Since its introduction in 2001, the STEM acronymFootnote 1 has received multiple interpretations depending on purpose, audience, and context (Lyons, 2020). Although the STEM acronym has been introduced as an effort to integrate some or all of the four disciplines into one (Moore & Smith, 2014), the interdisciplinarity of the term has not yet allowed for a consensus on the specific professions that fall within it (Akerson et al., 2018; Blackley & Howell, 2015; Donahoe, 2013; Lyons, 2020). Consequently, researchers tend to adopt either a wider or a narrower approach to what can be defined as STEM (Marginson et al., 2013). One of the main differences between these two approaches is that health professions (e.g., medical doctors, nurses) are considered STEM based on a wider approach (OECD, 2017b), but non-STEM based on a narrower approach (Hall & Rathbun, 2020; Kaufmann & Wittmann, 2018; Sikora & Pokropek, 2012; Tornese & Lupiañez-Villanueva, 2017).
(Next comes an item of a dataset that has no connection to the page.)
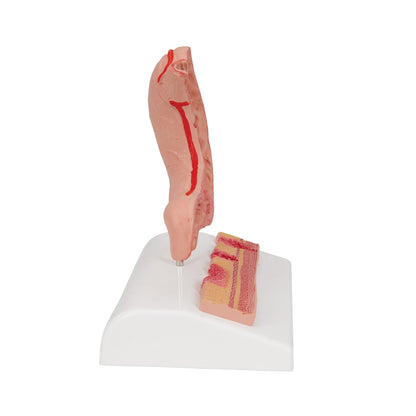 Human Stomach Section Model with Ulcers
Wider approaches tend to include not only science, technology, engineering, and mathematics professions but also those related to information and communications technology (e.g., Stoeger et al., 2016), earth sciences (e.g., Nazareth et al., 2019), and health sciences (e.g., Wallace et al., 2015).Footnote 2 Within this framework, the International Standard Classification of Occupations (ISCO-08), as described by the OECD (2017b), identifies the following groups of professionals as working in STEM professions: (1) science and engineering professionals, (2) health professionals, (3) information and communications technology professionals, and (4) science technicians and associate professionals.
On the contrary, narrower approaches focus on STEM fields, excluding health and medical professions from the STEM operational definition (Rottinghaus et al., 2018). For example, Tornese and Lupiañez-Villanueva (2017) identified professions in the science and engineering, and information and communications technology areas as STEM, and all other jobs were identified as non-STEM. In addition, Sikora and Pokropek (2012) separated health professions from STEM by creating one category for computing, engineering, and mathematics (CEM), and another one for biology, agriculture, and health professions (BAH).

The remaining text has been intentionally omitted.